Beginning with the first entry, restate the data word for word and leave out the images.

#### Data for processing

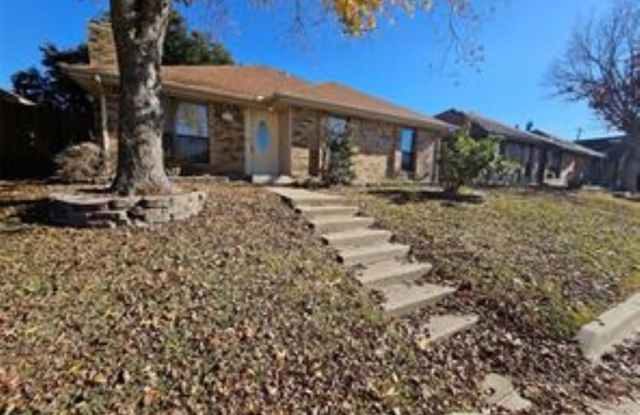2008 Cottonwood Road Gallery 2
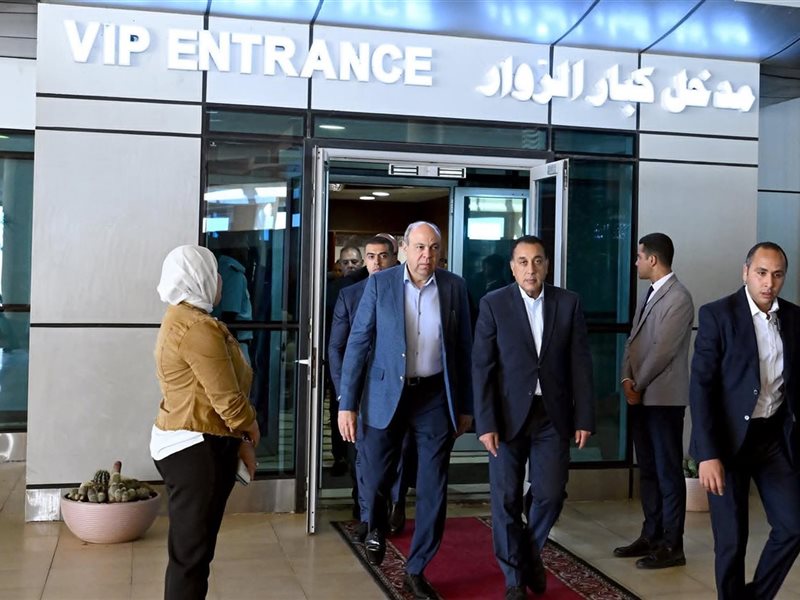 رئيس الوزراء بمطار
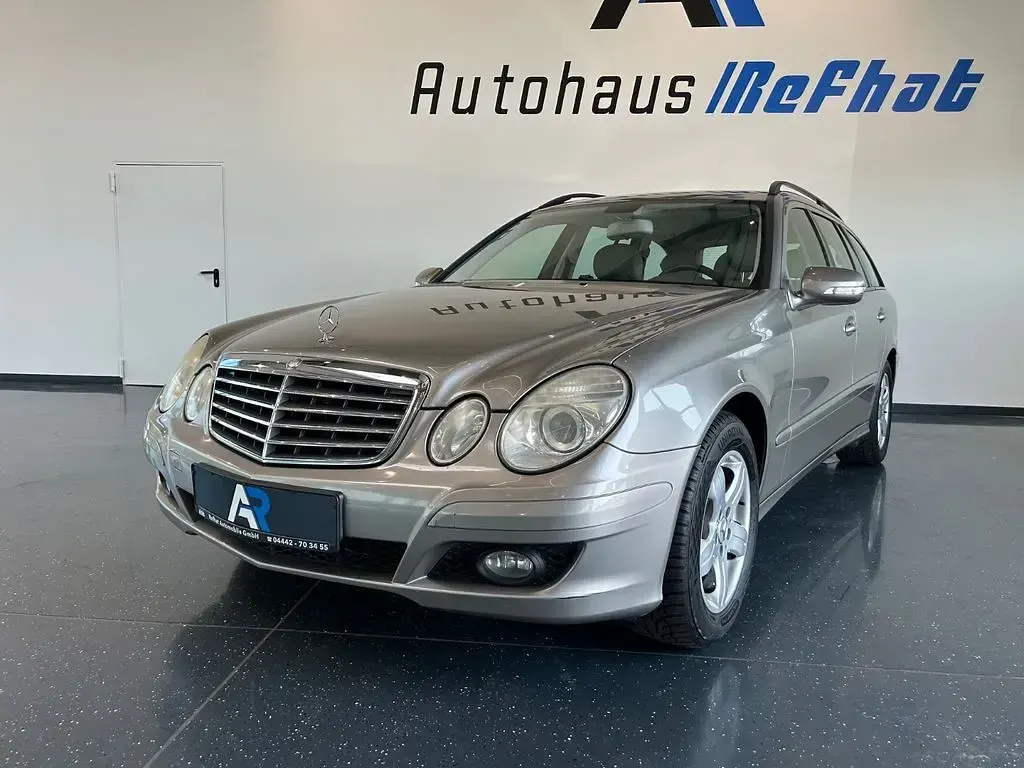 Gebraucht Mercedes E200 136 PS (100 kW) 2008 Silber Limousine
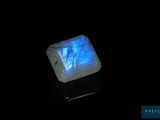 un gros plan sur une pierre sur laquelle brille une lumière bleue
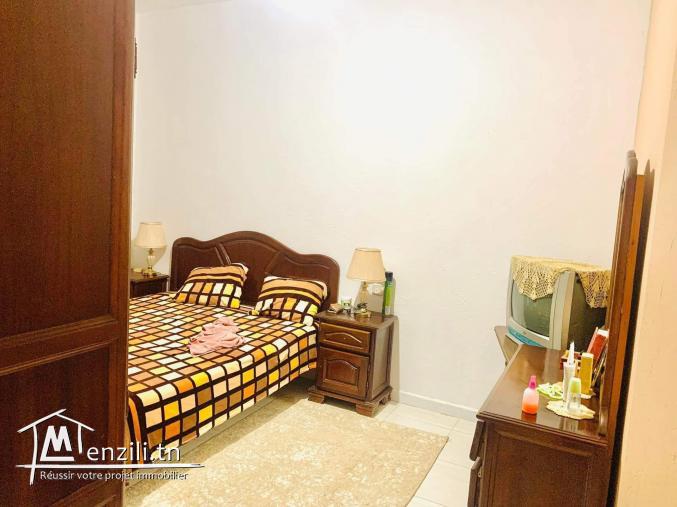 منزل للبيع في إقامة الأحمدي بالمحمدية ولاية بن عروس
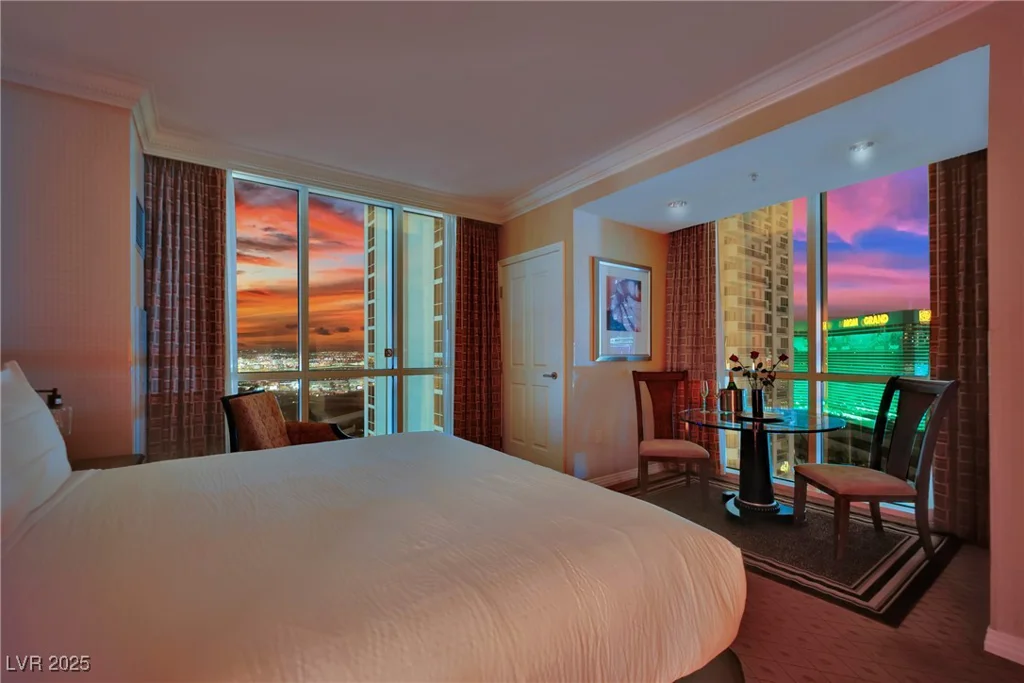 135 Harmon, Las Vegas, NV 89109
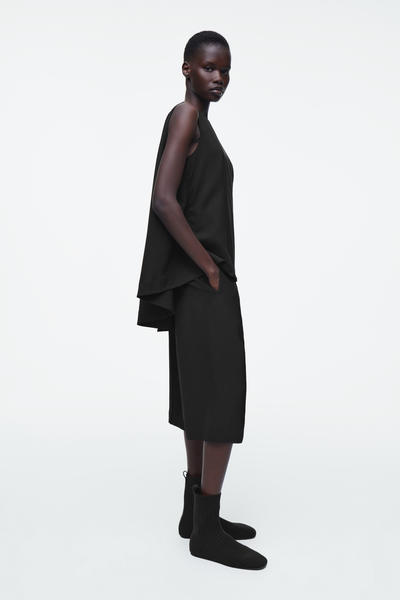 COS オープンバックウールトップ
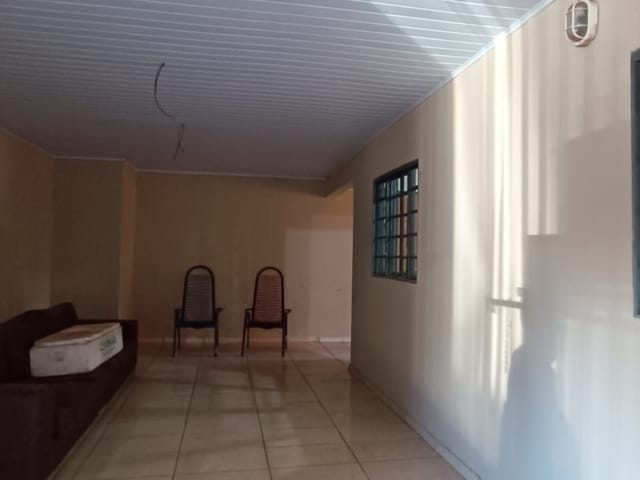 Casa com 190m² 2 quartos e 1 banheiro, à venda, no bairro Cj Hab Antonio E Casaroto em Cambé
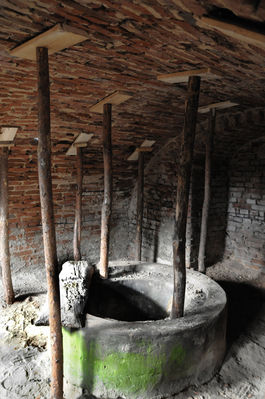 Remont pałacu w Studzieńcu
Pałac w Studzieńcu doczekał się nowego właściciela i remontu. Po remoncie ma być w nim posiadłość prywatna. Studnia w piwnicy, zwana też źródłem. Niestety jest zasypana, ale inwestor obiecał odkopać i uszlachetnić wodę.
Słowa kluczowe: remont pałac studzieniec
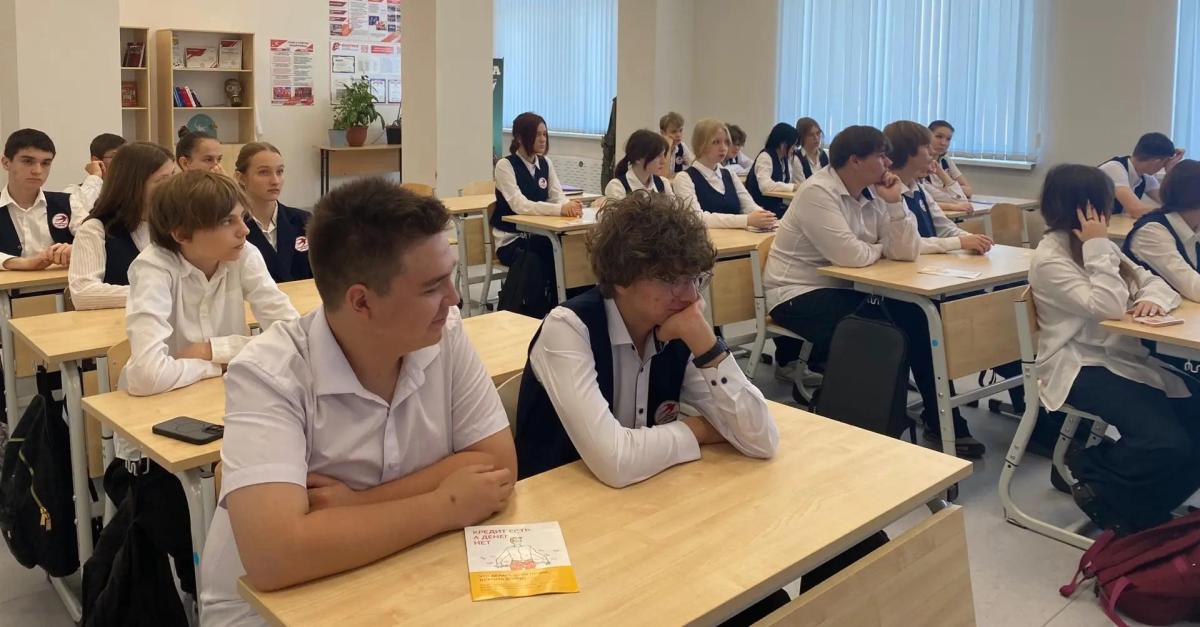В саратовских школах продолжаются занятия по программе «Вавиловские классы» Фото 7 В саратовских школах продолжаются занятия по программе «Вавиловские классы» Фото 7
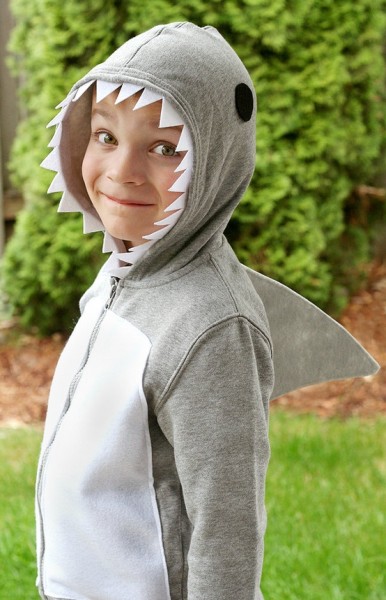Sweatshirt shark costume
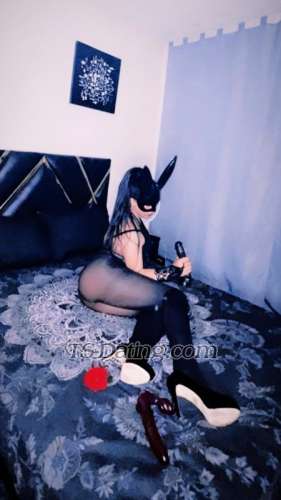 trans girl bombaCat 0801472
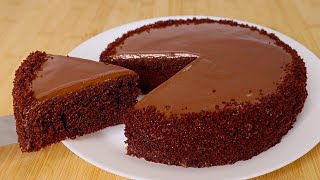 La faccio quasi ogni giorno: torta al cioccolato soffice e golosa!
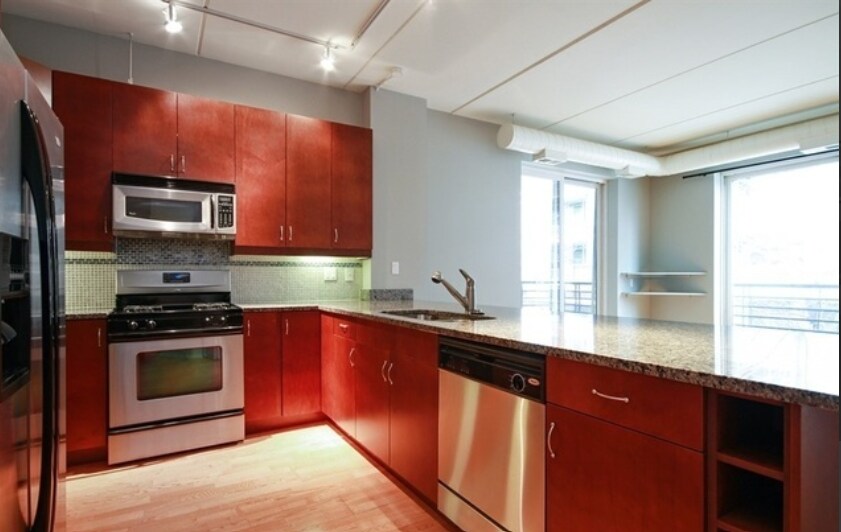 Building Photo - 873 N Larrabee St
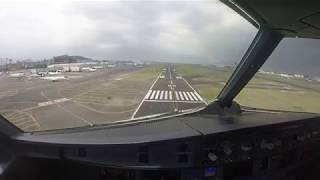 Aterrizaje en la CDMX visto desde la cabina de un avión  HD [upl. by Eiramanit]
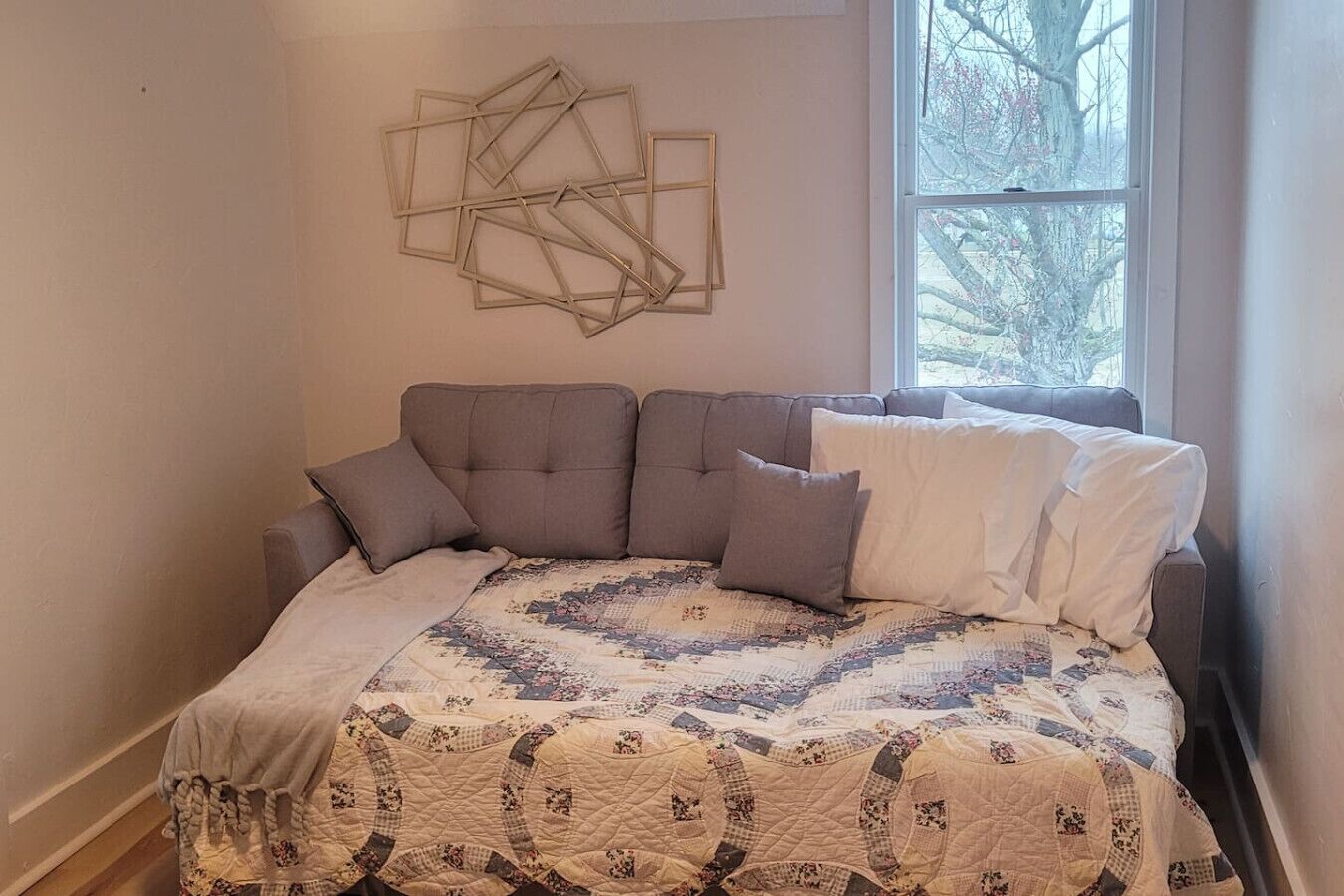 3 bedrooms, desk, iron/ironing board, WiFi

########

_Response_
2008 Cottonwood Road Gallery 2
 رئيس الوزراء بمطار
 Gebraucht Mercedes E200 136 PS (100 kW) 2008 Silber Limousine
 un gros plan sur une pierre sur laquelle brille une lumière bleue
 منزل للبيع في إقامة الأحمدي بالمحمدية ولاية بن عروس
 135 Harmon, Las Vegas, NV 89109
 COS オープンバックウールトップ
 Casa com 190m² 2 quartos e 1 banheiro, à venda, no bairro Cj Hab Antonio E Casaroto em Cambé
 Remont pałacu w Studzieńcu
Pałac w Studzieńcu doczekał się nowego właściciela i remontu. Po remoncie ma być w nim posiadłość prywatna. Studnia w piwnicy, zwana też źródłem. Niestety jest zasypana, ale inwestor obiecał odkopać i uszlachetnić wodę.
Słowa kluczowe: remont pałac studzieniec
В саратовских школах продолжаются занятия по программе «Вавиловские классы» Фото 7 В саратовских школах продолжаются занятия по программе «Вавиловские классы» Фото 7
Sweatshirt shark costume
 trans girl bombaCat 0801472
 La faccio quasi ogni giorno: torta al cioccolato soffice e golosa!
 Building Photo - 873 N Larrabee St
 Aterrizaje en la CDMX visto desde la cabina de un avión  HD [upl. by Eiramanit]
 3 bedrooms, desk, iron/ironing board, WiFi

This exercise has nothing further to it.